Parallels Support team guest author: Dinesh Rathina Kumar
In one of our past blogs, we talked about accessing virtual machine files from a corrupted virtual drive.
That blog can be really useful for Parallels Desktop for Mac users.
I recently came across a similar scenario, but the customer I’d been on the phone with had a third-party VM that wasn’t functional. (Actually, that was the reason he decided to switch to Parallels Desktop.) And, yeah, no backups, sad story…
So the primary goal for us was to get the files out of that VM, create a brand new VM in Parallels Desktop, and copy the files over. If you find yourself in a similar situation, and you are switching to Parallels Desktop because your third-party VM got corrupted, this is the blog for you!
The instructions below will work for accessing files from VMware, Virtual PC, and VirtualBox corrupted VMs.
Parallels Desktop includes a handy tool called Parallels Mounter that makes it possible to restore the data from the third-party VM in three simple steps, without restarting.
Parallels Mounter is a specially designed utility for browsing your Parallels Desktop or third-party (VMware, VirtualBox, Virtual PC) VMs and virtual hard disks directly in Finder. It is provided as part of the Parallels Desktop package and does not require separate installation.
Parallels Mounter can mount the following file formats:
- Parallels bundle (.pvm) or configuration file (.pvs) or virtual hard disk file (.hdd)

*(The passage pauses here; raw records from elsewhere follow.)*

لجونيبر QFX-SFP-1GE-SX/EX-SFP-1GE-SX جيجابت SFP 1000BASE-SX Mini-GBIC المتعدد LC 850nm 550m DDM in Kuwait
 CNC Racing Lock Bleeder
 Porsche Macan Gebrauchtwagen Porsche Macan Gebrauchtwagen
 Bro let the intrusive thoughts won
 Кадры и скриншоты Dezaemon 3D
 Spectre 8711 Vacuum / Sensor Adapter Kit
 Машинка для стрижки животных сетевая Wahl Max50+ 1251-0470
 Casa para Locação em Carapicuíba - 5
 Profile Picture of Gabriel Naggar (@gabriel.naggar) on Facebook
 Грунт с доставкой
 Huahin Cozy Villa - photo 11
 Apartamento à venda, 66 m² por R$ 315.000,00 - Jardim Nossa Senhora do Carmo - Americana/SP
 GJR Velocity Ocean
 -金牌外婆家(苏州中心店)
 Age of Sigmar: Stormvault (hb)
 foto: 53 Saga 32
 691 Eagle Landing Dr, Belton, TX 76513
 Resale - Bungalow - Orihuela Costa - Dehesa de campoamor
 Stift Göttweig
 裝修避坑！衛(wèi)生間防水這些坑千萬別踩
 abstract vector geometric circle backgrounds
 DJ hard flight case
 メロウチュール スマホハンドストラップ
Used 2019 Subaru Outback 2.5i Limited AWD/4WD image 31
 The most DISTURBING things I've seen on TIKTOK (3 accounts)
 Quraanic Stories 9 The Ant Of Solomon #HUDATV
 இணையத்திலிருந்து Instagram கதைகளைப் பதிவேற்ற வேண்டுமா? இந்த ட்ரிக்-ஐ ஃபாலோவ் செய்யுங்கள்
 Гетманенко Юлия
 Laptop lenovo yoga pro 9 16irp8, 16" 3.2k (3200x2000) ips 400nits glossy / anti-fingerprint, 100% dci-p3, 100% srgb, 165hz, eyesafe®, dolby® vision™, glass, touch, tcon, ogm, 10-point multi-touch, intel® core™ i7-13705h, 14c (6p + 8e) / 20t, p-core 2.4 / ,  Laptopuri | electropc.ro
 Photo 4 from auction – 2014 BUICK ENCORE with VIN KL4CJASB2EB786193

- VMware configuration file (.vmx, .vmwarevm) or virtual hard disk file (.vmdk)
- Virtual PC configuration file (.vmc, .vpc7) or virtual hard disk file (.vhd)
- VirtualBox configuration file (.xml) or virtual hard disk file (.vdi)
Follow these steps to mount the hard disk of a third-party VM:
Locate and right-click on the VM’s file and choose Open With > Parallels Mounter or Open With > Other > Library > Parallels > Parallels Mounter from the shortcut menu. Most VM vendors use [your user name]/Documents/[application name] or Users/Shared/[application name] as a default folder for the VM virtual drive.
Once mounted, you can browse the contents of a volume by clicking its icon in the Finder window. The best part is that you can manage the VM files just as you manage your Mac OS X files in Finder window.
There we go! Now you can access the files you saved in your Documents folder or on your desktop and drag and drop them to the Mac desktop.
To unmount the volume, use the Eject button next to the disk icon.
Then all you need to do is create a new VM in Parallels Desktop, start it, and drag and drop these files back to your shiny new VM. Easy, right?